The Big Five

January 15, 2011

Every morning, as the sun would start to peek up over the ridge and through the sugar cane, we would stir. The heat would arrive quickly and so after a quick snuggle, and the donning of a t shirt, flip flops, and the obligatory leash, Gunner and I would leap from the balcony of our little house in Yomitan Village, walk/frolic between the sugar cane fields and their farmers, literally through the hibiscus bushes bordering the sand and burst onto the beach. And we would run up and down and up and down the shore, trying to get the other to chase us into the water and back out again, until the tide would receed, or we just couldn’t run any more without eating breakfast first. So then we would brush off a bit of sand (but not nearly all of it) and wander back up the little hill to our house where the hose was waiting to spray off our feet (and bellies) and the rest of the glorious day awaited.

This was life in Japan for little Gunner and I. This was our everyday for nearly four years. We look forward to our mornings so very much. It was everything that this little fuzzy man knew from the moment he became our puppy. And it was how I survived in a foreign country, where I couldn’t read a word. But I was never helpless or hopeless because he was there with me – to run on the beach.

I hold those mornings on the beach so close to my heart and remember this roly-poly little one bumbling in the sand. The loss of these mornings broke my heart when we left Asia. There were so many of them when I would find myself staring out at the ocean, and as his tiny furry body leaping with joy in the waves, completely oblivious to the fact that there were wars going on. That we were thousands of miles from the people that loved us. Or even that I had a list of things to-do to keep our house in the cane fields up and running and not infested with snakes or bugs or sand from the beach. Nope. Joy. It seeped from his little being and still does each day. He is such a WONDERFUL reminder that we mustn’t spare any moment of joy, and that really, joy is in everything and all around us.
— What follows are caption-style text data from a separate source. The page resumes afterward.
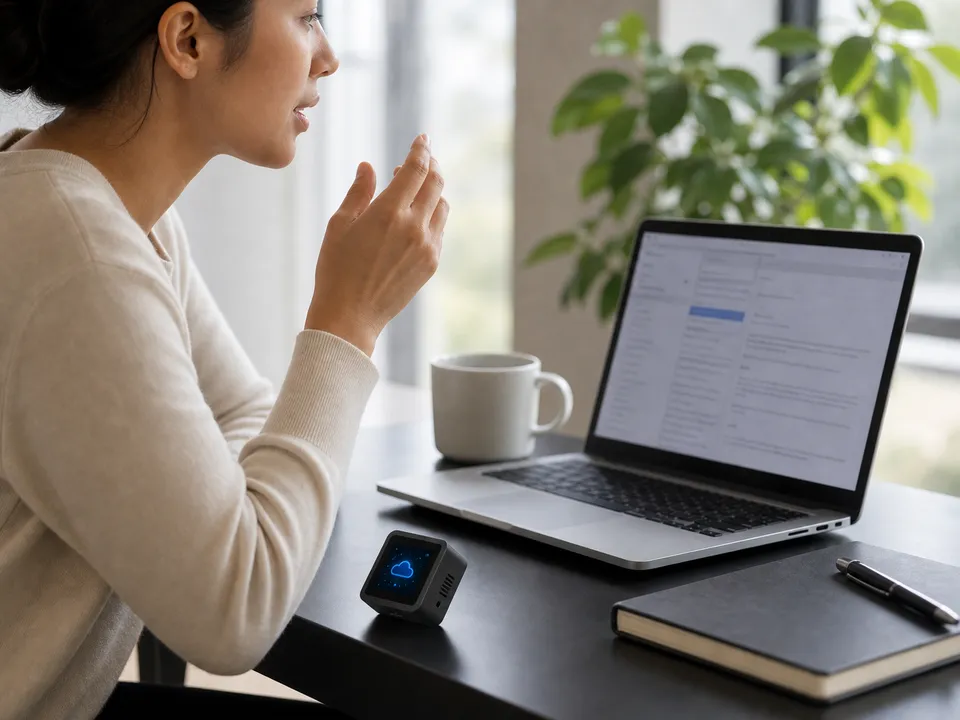 A person speaking toward a tiny VocaKey device while writing a long message on a laptop.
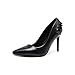 Produktbild CBDGD High-Heels Damen Gummi Mode lässig Temperament Elegante High Heels Damenschuhe Arbeitsschuhe Frühling und Sommer 9CM schwarz rot High Heels (Color : Black, Size : EU39/UK6/CN39)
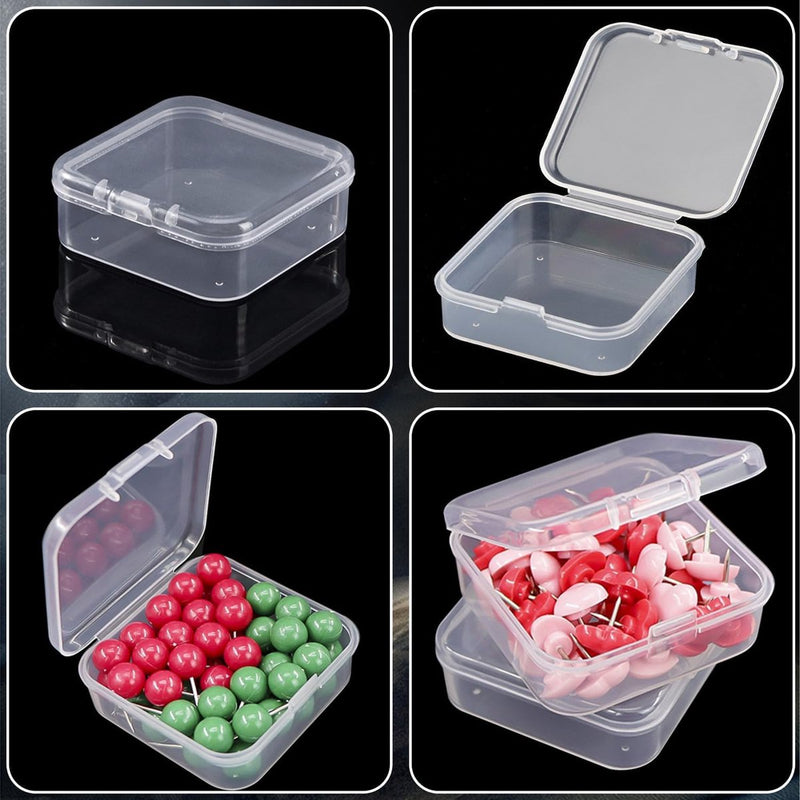 30 stuks opbergdozen met deksel klein, 5,5 x 5,5 x 2 cm rechthoekige lege mini-opbergdoos, kleine doorzichtige plastic kralen opbergdoos voor knutselaccessoires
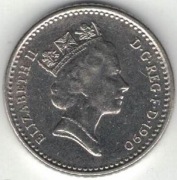 Wielka Brytania 5 pence pensów 1990 - 18 mm - nr 5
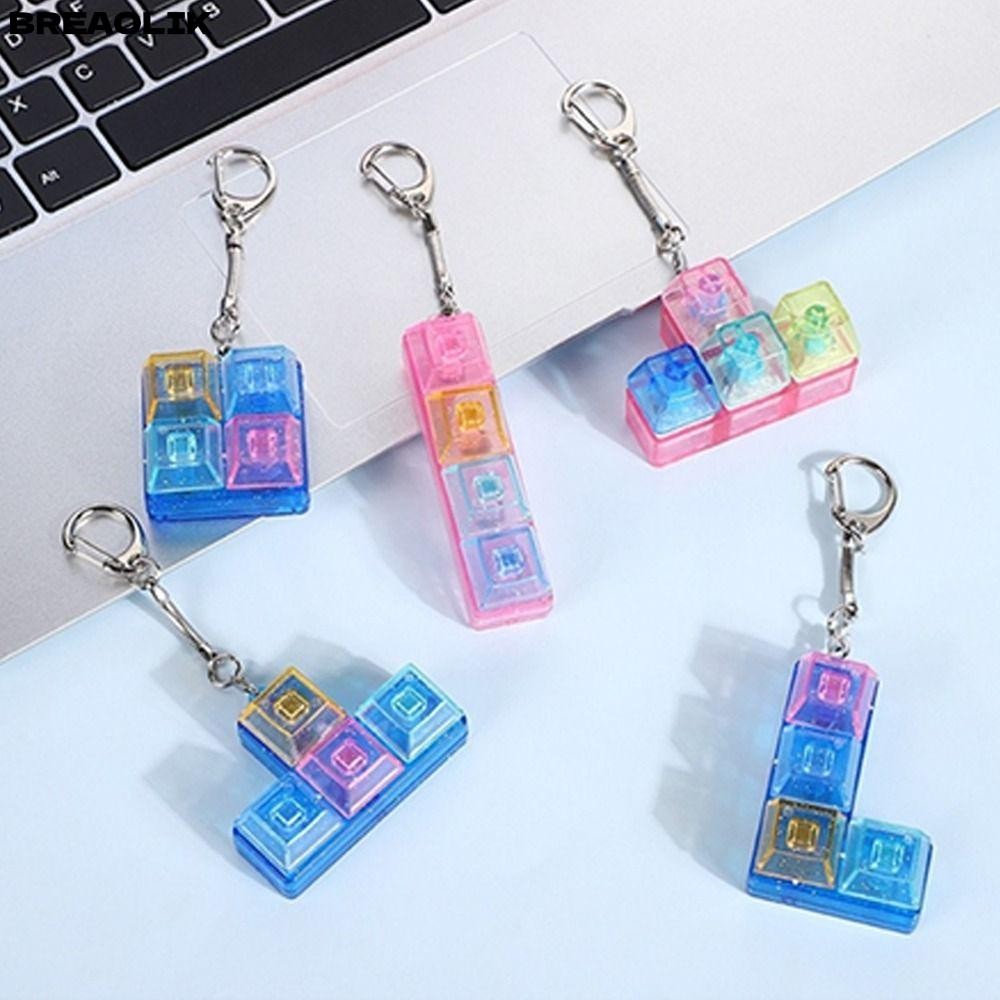 BREAOLIC Fidget พวงกุญแจ, 4 คีย์ปุ่มคีย์บอร์ดนิ้ว, ปุ่มกดผ่อนคลายความเครียดบรรเทาผ่านเวลา Clicker ของเล่นจี้สําหรับผู้ใหญ่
Gunner turned FIVE years old today. I can hardly believe he is so big and no longer a “puppy,” (even though he always will be to me.) To celebrate, we could think of nothing more appropriate than to take him to the beach here in San Francisco – he loved every minute…surely equally as much as we did (but maybe not more.)

Life has changed leaps and bounds from those days in Japan. my days are no longer spent “merely” keeping house, learning Japanese, or filling days with activities as I wait for Derek to return home from deployment. In fact, this was my first week at my new job with Backroads, putting to use all that worldly knowledge I gleaned during those years in Japan. It was an exciting week in several respects, and a dark, difficult one at the same time – I feel so very lucky to work with so many adventureous, joyous, and generally blissful people and this week, out of the blue, we lost one of our own. A beautiful, vibrant, happy woman whom was healthy, and spreading her colorful spirit with the world one minute, and gone the next. Her passing took a toll on each of us, and reminded us all of how lucky we are for the time we have, for our loved ones, and for the joys – no matter how simple – in our lives. I did not know her well, but the loss of her in our community undeniably impacted each of us.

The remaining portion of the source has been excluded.